Religion
- Affiliation: Hinduism
- District: Khurda
- Deity: Lord Shiva

Location
- Location: Bhubaneswar
- State: Odisha
- Country: India
- Interactive map of Chakreswara Shiva temple
- Coordinates: 20°14′27″N 85°50′12″E﻿ / ﻿20.24083°N 85.83667°E

Architecture
- Type: Kalingan Style (Kalinga Architecture)
- Completed: 10-11th century A.D.

= Chakreshvari Siva Temple =

Chakresvara Shiva temple is a living Hindu temple built in 10-11 AD dedicated to Lord Shiva at Hatiasuni lane, Rajarani Colony, Bhubaneswar of Odisha, India. The deity, lingam, is in a circular yonipitha inside the sanctum. The temple is surrounded by private residential buildings on its eastern and northern side and chakresvara tank in the west. It is of great significance as rituals like Shivaratri, Diwali, and Sankranti are observed here. Also this temple serves as a purpose of a sacred place for 'Thread Ceremony, Rudrabhiseka, Chandrabhiseka.'

== Architectural features ==
Chakresvara Shiva temple stands on a low platform.

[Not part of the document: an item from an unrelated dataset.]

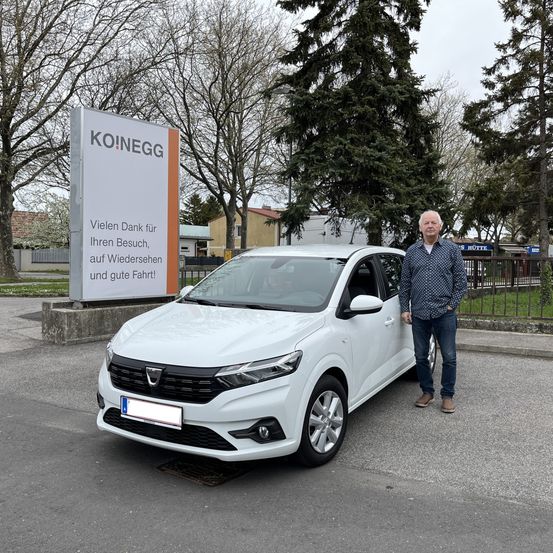 Bild enthält, Car, Transportation, Vehicle, Person, Jeans, Pants, Machine, Wheel, Shoe, Tree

On plan, the temple has a vimana and a renovated frontal porch. The vimana(shrine) is pancharatha and the frontal porch. On elevation, the vimana is of rekha order; it extends from pabhaga to kalasa. From bottom to the top, the temple has a bada, gandi and mastaka. With three-fold divisions of the bada, the temple has a trianga bada. At the bottom, the pabhaga has four base mouldings of khura, kumbha, pata and basanta.

== Special features==
In the lalatabimba, a four-armed Lord Ganesha is found in place of the usual Gaja-laxmi. It is an exception of the temples of Bhubaneswar. Another departure is at Kalarahanga where the lalatabimba is occupied by images of both Ganesha and Saraswati. In front of the temple, there are images of Parvati and Kartikeya and an amlaka stone in the southern side of the temple.

== Decorative features ==
The doorjambs are decorated with three vertical bands of scroll works like puspa sakha, nara, sakha and patra sakha from exterior to interior. At the lalatabimba there is a four-armed Ganesha within a niche seated over his mount mouse.

At the base of the doorjamb, there are dvarapala niches on either sides. The niches enshrine two armed Saivite dwrapala holding tridents in their right hands and varada in left hands. The architrave above the doorjamb is beautifully carved with Navagrahas in the niches. Surya holds a lotus in his hands, Rahu holds a half moon and Ketu with a serpent tail.